Wednesday, June 10, 2009

One More Question

Questions:  Does anybody really like them?

I don't mean your garden variety "I wonder what time the ball game is on?" thoughts, questions of basic fact that are easily answered.  No I mean the big ones -- the ones that keep you up at night. The ones that make your teeth rattle.  What do I do with my life?  Am I in the right place? Do I love X? etc. etc.  

Does anyone really love these questions?  I don't think so.  At least, not at first.  Because we want answers.  We want clarity.  We want to feel comfortable in our own skin, and these sorts of questions have a way of shaking that.  Trying to answer them is like trying to pin down a snake -- it slips right out of your hands. And then it bites you. 

But I was thinking... what if we thought of the big questions more like the sound of a bell, and instead of having to do something, we could just be the bell itself, letting that sound roll around in us, echo and fade into ourselves.  What if the act of asking does not generate a problem needing immediate solution but is itself a means, a path to the answer. 

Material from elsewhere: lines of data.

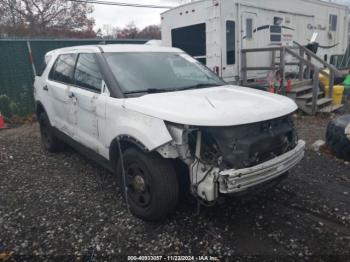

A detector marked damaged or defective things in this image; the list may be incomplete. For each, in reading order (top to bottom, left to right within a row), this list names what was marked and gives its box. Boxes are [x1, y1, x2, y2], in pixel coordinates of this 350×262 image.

crumpled hood [123, 85, 298, 126]
damaged front end [157, 115, 304, 204]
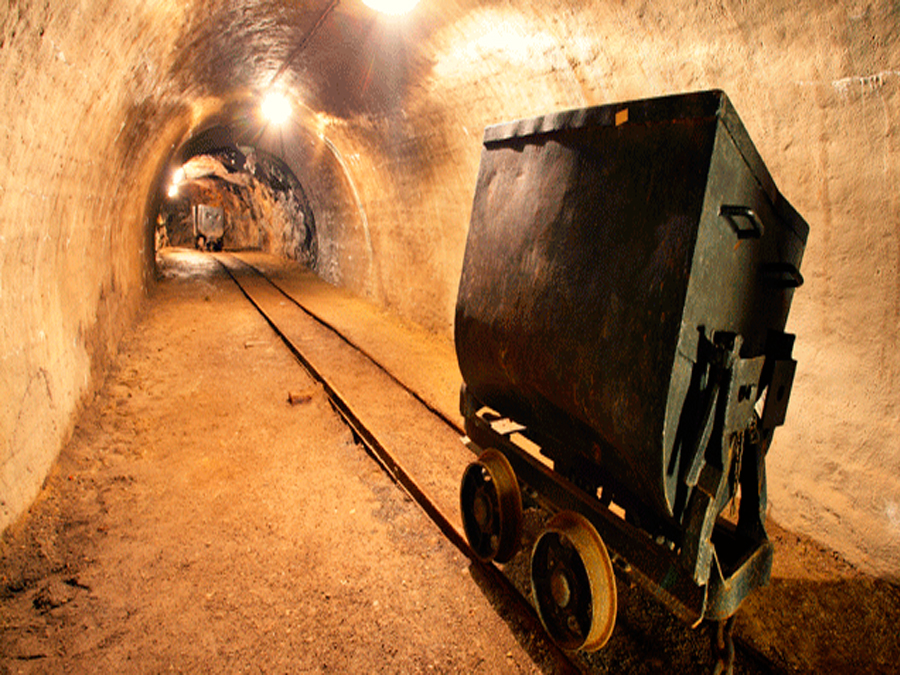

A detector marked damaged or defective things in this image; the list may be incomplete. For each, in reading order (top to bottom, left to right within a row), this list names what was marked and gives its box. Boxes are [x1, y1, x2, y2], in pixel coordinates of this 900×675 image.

rusty mine cart body [458, 88, 808, 660]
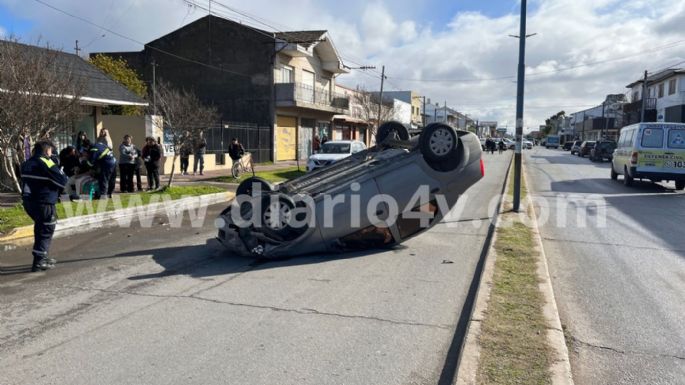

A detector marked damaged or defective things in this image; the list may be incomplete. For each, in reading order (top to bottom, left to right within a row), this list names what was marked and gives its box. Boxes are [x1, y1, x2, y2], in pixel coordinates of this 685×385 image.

overturned silver car [214, 121, 480, 258]
shattered car part on road [216, 121, 484, 256]
road surface crack [61, 284, 452, 328]
road surface crack [572, 336, 684, 360]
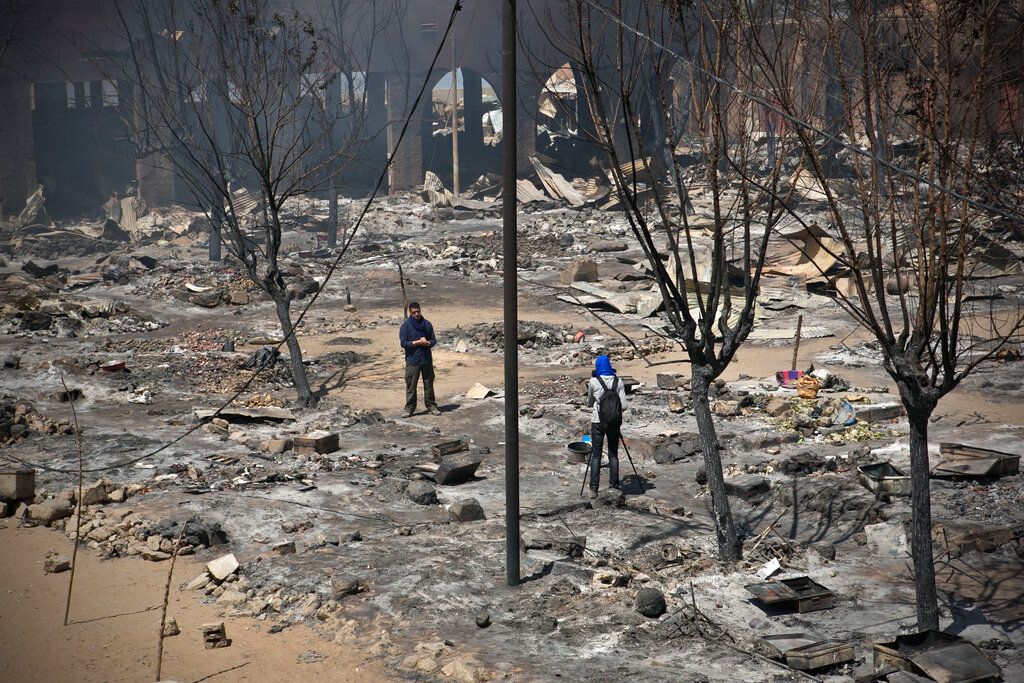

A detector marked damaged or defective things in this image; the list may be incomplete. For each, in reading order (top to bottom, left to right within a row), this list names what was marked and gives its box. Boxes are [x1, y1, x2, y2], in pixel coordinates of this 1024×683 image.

rusted metal box [0, 471, 35, 501]
rusted metal box [856, 462, 913, 493]
rusted metal box [933, 444, 1019, 481]
rusted metal box [749, 577, 835, 614]
rusted metal box [761, 634, 856, 671]
rusted metal box [872, 630, 999, 683]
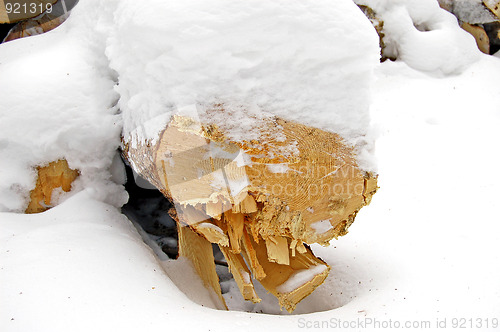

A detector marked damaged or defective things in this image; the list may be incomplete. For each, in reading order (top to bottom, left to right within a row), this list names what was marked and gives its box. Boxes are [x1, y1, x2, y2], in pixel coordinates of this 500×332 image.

splintered wood [124, 108, 376, 312]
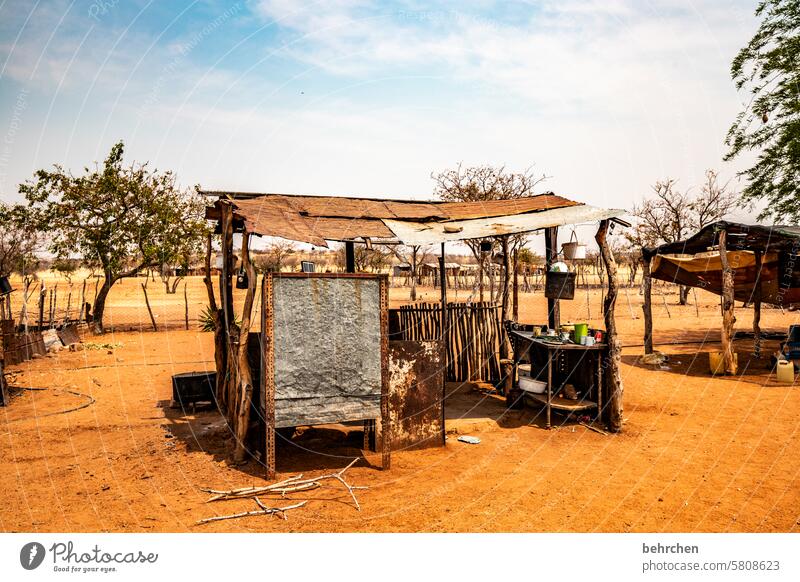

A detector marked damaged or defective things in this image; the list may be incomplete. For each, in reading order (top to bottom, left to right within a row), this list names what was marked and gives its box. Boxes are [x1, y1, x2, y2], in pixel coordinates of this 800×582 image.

I always think of this passage from Rainer Marie Rilke: 
Have patience with everything unresolved in your heart. Try to love the questions themselves as if they were locked rooms or books written in a very foreign language. Don't search for the answers, which could not be given to you now, because you would not be able to live them. And the point is to live everything. Live the questions now. Perhaps then, someday far in the future, you will gradually, without even noticing it, live your way into the answer.